Quelle place la fragilité tient-elle dans notre société, sommes-nous tolérants avec elle ?
Nous sommes encore très intolérants à la fragilité dans les leviers managériaux, économiques et même philosophiques de notre société. La manière dont sont traités les personnes âgées et le personnel qui les accompagne dans beaucoup d’établissements est, par exemple, scandaleuse. Parallèlement, il faut reconnaître que depuis 2005, les efforts faits par l’État en termes d’inclusion des personnes handicapées sont en progrès. Mais on peut faire mieux encore. Dans nos systèmes de management, on ne sait toujours pas comment accompagner ni « se servir » de la fragilité du handicap. Il ne s’agit pas de faire de l’inclusion à marche forcée mais plutôt en expérimentant : on peut organiser des tests en entreprise, ce n’est pas si compliqué et c’est gagnant-gagnant. Il est prouvé qu’accueillir des personnes, même moins performantes, dans une organisation, rend cette dernière plus performante grâce au climat de solidarité et à l’esprit de gratuité instaurés.
La vulnérabilité physique ou psychique n’est pourtant pas souhaitable. Est-elle compatible avec le bonheur ?

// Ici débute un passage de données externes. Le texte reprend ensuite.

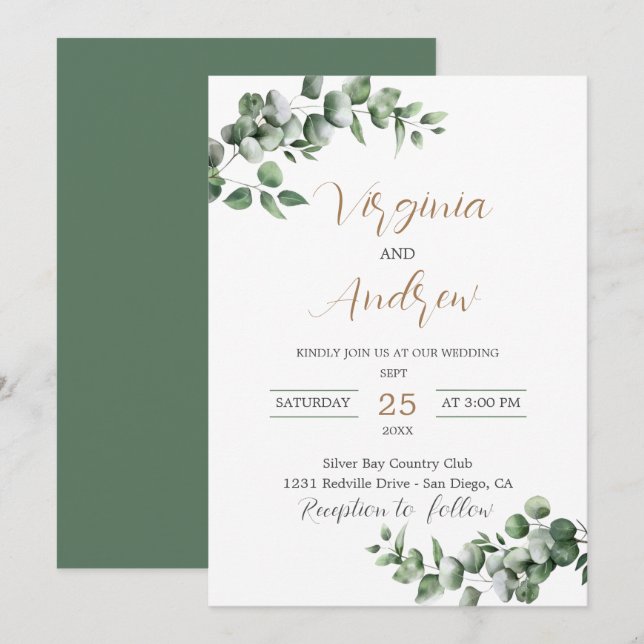 Invitation Rustique Eucalyptus Feuille Mariage de verdure (Devant / Derrière)
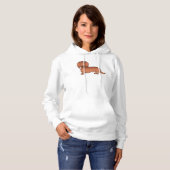 Pull À Capuche Dachshund de dessin animé mignon aux longs cheveux (Devant entier)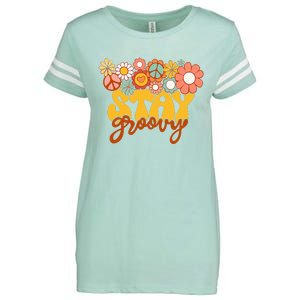 Sunflower Hippie Stay Groovy Positive Mind Happy Life Enza Ladies Jersey Football T-Shirt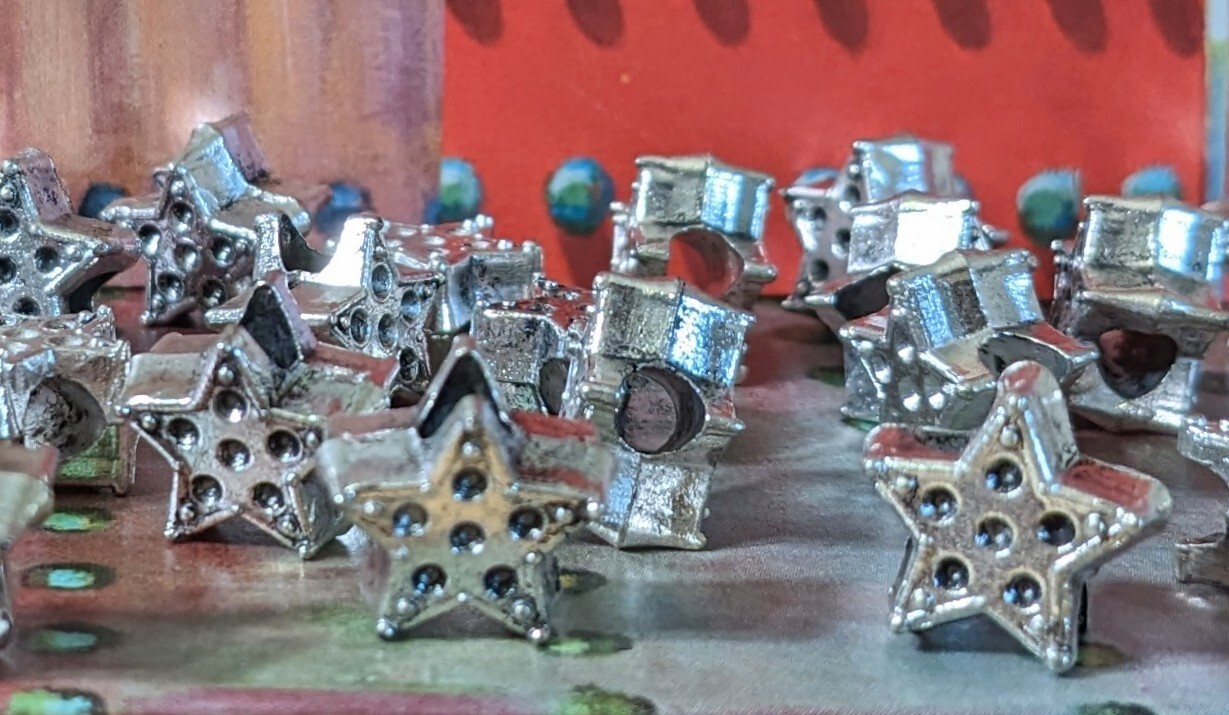 European Charms Star Charms Bead Antique Silver Tone DIY Finding 20 pcs 10x10mm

Le handicap psychique ou physique est un mal en soi. Il est violent pour la personne qui le porte. Il peut être excluant, même éliminant dans certains cas d’avortement, par exemple, ou de décisions d’arrêt de soins. Mais à l’inverse, en se rassemblant autour de ces personnes, on ouvre des voies de bonheur collectif. Plus on avancera dans notre société post-moderne, plus on se retrouvera face à ces questions que va poser, par exemple, le transhumanisme. On voudrait absolument résoudre la question de la fragilité humaine mais n’oublions pas que cette dernière est justement le lieu de la rencontre et d’un combat commun. La fragilité fait partie de notre humanité. Si on cherche à la remplacer par la performance grâce à la science, on ira dans le mur.